Looking back, there are a few key elements of our Shadow program that enabled our success so far:
Build a team: We funded a central Shadow team within the security organization, led by a dedicated Shadow IT program manager who is fully dedicated to this program. We also obtained program support from the security, IT, and finance departments, and worked together to ensure there were enough IT resources dedicated to this effort to assist with inventory, drive engineering tooling adoption, and provide engineering guidance to the shadow teams. Finally, it was critical to build accountability across the business divisions by appointing one “Directly Responsible Individual” (also known as a DRI) within each participating team, who was accountable for helping their teams work toward compliance, and served as our primary contact and for engaging executive support from those teams.
Drive culture change: While the leaders within the space are important, we quickly realized that we needed to reach the individuals who own and run the Shadow solutions across the company. They needed to understand the importance of security and how to ensure security as a part of their day-to-day actions. We began educating our employees by sharing real security events and highlighting the impacts of these events to emphasize the importance of the actions people take.
We have also adopted a culture to “embrace the red” metrics on the scorecards. We shifted our mindsets to understand that “red” or uncompliant metrics help guide our priorities and work. Once we addressed specific security gaps, those specific metrics turned green, and we immediately replaced the “good” metrics with another “red” metric so that we can continually see progress and address new gaps.
We also provided training, support, and best practice guidance to the shadow teams, including:
- Gathering compliance activities into requirements in quarterly asks
- Providing guidance on funding and skills needs in the first year
- Catering to the lowest knowledge state in wikis and trainings
Be data driven: Managing our reporting process was critical in our ability to drive progress and show the importance of this work. In the early stages, we frequently reviewed our status with executives across the company, and took advantage of our executive sponsor to facilitate these conversations, which helped build momentum. We learned quickly that it was important for us to engage the middle management layer in addition to executives. Our DRIs typically sat two to three layers below the executives, so we needed to ensure there was support for the DRIs between them and the executive.

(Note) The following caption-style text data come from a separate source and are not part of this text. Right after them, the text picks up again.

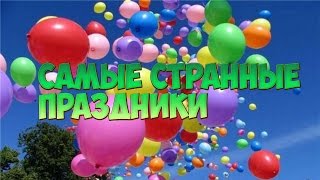САМЫЕ СТРАННЫЕ ПРАЗДНИКИ
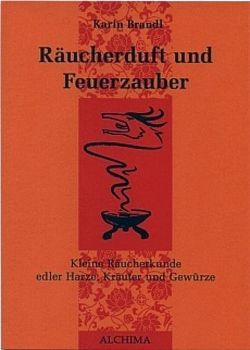 Räucherduft und Feuerzauber von Brandl,  Karin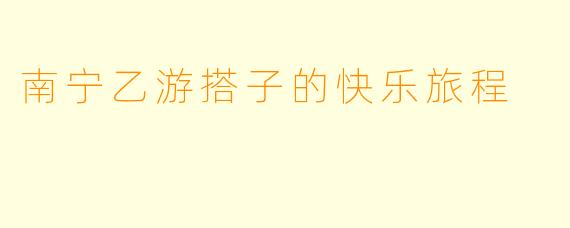 南宁乙游搭子的快乐旅程
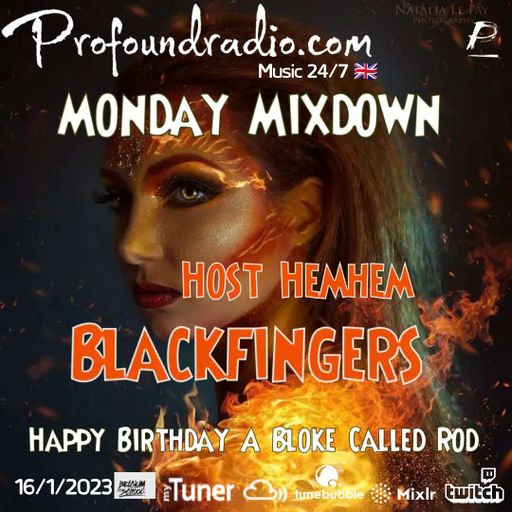 BLACKFINGERS ON MONDAY MIXDOWN 16/01/23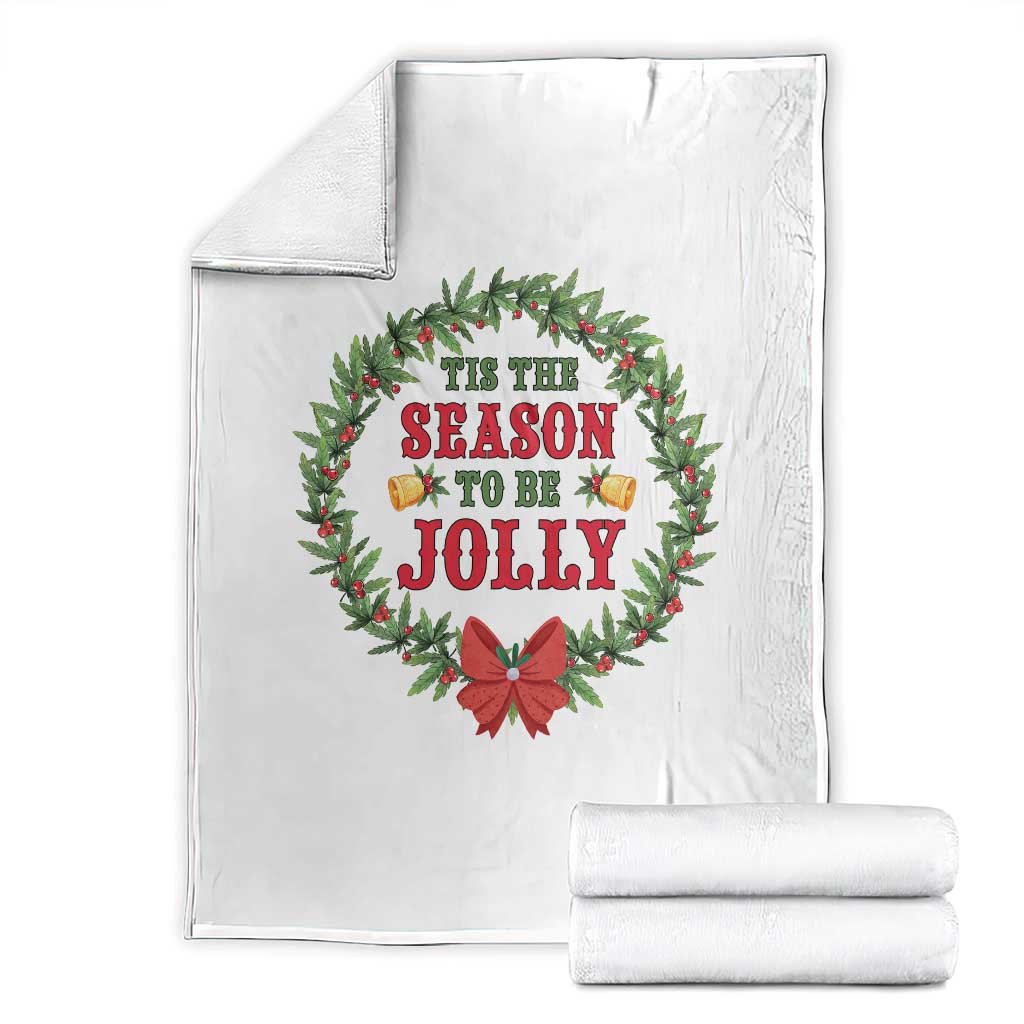 Funny Weed Christmas Throw Blanket Tis The Season To Be Jolly Xmas Wreath TS11 White Print Your Wear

We also learned over time how to interpret our reporting. We started out reporting on compliance, which worked well until a team had an exception against a control. The exceptions would show up green on our reports. However, an exception is an acceptance of risk, not a sign of compliance. So, we made a plan to start reducing exceptions and began reporting on risk instead of compliance. Reporting on risk aligns well with our Zero Trust reporting, so this was a natural way to drive alignment and create clarity across the company.
What’s next
Our Shadow journey is far from over. We will continue expanding our technology controls and governance to ensure all new solutions and cloud tenants meet compliance standards, and work toward securing the developer pipeline. As for the future of the program, we will reduce custom support processes and enable all teams to adopt our standard enterprise-wide security practices, like the enterprise scorecard and the risk committee. Once teams have met the agreed-upon threshold, the security work will transition from a program into the normal operations of the business.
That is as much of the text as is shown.